3D Printing Helps The Blind To See


With today’s technological breakthroughs, one never knows what to expect next.

In the old days, people would marvel at new inventions and exclaim, “Will wonders never cease?”.  Well, when you look at some of the inventions of today, that old expression holds up, especially in a new way that the blind can see with 3D printing!

With this application, blind and people with partial sight can experience a new way of seeing with a process called Linespace.  What Linespace is, the head of a 3D printer that is attached to a drafting table, similar to the kind that architects, designers, and engineers use.  The print head is then attached to movable arms via motors that allow the arm and printer head to move quite rapidly across the surface of the table thus delivering a tangible raised image on the surface of the table.  This allows for the user to use their fingers to get an idea of what an object presented on a computer actually feels like.

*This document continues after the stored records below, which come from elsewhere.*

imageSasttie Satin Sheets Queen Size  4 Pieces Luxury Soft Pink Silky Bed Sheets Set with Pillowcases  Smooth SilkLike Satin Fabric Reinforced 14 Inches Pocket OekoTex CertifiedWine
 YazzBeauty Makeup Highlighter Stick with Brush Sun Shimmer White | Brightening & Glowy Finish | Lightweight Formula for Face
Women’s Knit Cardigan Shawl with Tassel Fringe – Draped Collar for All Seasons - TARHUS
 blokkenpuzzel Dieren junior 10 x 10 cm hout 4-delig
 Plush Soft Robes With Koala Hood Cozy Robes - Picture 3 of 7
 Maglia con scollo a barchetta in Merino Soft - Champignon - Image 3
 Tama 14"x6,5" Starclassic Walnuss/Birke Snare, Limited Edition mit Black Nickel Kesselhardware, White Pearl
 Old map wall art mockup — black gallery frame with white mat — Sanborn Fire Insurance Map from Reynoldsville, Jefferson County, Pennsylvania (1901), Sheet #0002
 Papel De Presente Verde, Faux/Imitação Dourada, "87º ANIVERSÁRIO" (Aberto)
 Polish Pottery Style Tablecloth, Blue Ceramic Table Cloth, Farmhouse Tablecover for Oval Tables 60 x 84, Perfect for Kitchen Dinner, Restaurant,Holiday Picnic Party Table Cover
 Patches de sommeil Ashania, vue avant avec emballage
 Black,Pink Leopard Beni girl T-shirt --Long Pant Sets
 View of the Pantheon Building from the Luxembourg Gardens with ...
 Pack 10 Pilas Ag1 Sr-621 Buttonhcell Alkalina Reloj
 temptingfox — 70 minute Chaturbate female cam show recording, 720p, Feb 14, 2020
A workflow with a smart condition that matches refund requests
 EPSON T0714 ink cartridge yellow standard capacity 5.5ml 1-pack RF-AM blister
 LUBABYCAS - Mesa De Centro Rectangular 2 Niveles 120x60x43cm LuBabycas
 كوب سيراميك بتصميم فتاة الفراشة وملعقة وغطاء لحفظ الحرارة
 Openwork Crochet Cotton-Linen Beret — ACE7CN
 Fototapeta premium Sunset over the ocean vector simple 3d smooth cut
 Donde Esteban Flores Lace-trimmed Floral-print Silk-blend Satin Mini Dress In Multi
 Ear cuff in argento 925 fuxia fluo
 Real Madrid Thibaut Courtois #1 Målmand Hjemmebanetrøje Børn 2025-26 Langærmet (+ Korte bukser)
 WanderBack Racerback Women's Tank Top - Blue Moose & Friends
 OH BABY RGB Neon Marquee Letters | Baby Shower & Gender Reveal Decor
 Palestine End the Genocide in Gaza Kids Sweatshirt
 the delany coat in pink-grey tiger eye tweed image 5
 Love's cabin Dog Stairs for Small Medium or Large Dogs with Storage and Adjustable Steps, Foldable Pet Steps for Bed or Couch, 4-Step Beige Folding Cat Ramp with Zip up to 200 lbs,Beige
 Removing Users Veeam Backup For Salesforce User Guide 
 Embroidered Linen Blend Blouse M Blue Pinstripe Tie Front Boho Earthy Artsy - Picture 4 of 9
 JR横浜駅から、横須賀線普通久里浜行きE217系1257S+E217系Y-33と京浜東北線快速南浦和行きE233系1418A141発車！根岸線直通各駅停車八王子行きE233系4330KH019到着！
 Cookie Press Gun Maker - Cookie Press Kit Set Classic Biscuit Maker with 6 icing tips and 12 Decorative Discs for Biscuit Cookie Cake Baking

Basically, let’s say the user is searching for a picture of a camera.  The 3D printer then goes to work creating a raised image that the user can feel and get a better picture of what the object looks like.

This can be used to allow for users to feel what products, or people, animals, and whatever might look like via just the touch of their fingertips.

The device is activated via a pedal and one can use speech or gestures to initiate a print image in the form of the raised 3D plastic lines.  The user can even request extra detail be added by addressing to the area they want more information on.  An overhead tracking camera does the imaging job.

In May, 2016, Linespace will be presented to the CHI (computer human interaction) in San Jose, California. The developer of the process is Patrick Baudisch who leads the HPI team that brought Linespace to reality.  Their group has also created a series of apps for the Linespace project.  The spectrum of apps spans from simple designs to games and even maps.

Once the process is perfected, it might lend itself to other applications not only for the blind or sight impaired.  Somewhere some developer will take it apart and find a use in entertainment and education.  With the advances in 3D printing, there could also be textured imagery for the blind to detect.  3D printers can use several substances to print from.  Let’s say an object has fur like a lion or big cat or other animal.  A 3D printed image with some furry texture could help the impaired to experience and visualize what such a creature might look like.

This could also lend itself to lots of fun at parties as well.  The combination of possibilities will make this technology stand out as something many developers, technicians, and researchers will take part in.  Most of all, it will allow the blind and seeing impaired experience a whole new level of reality.  One whereby they won’t be left out of valuable information that can enhance their quality of life.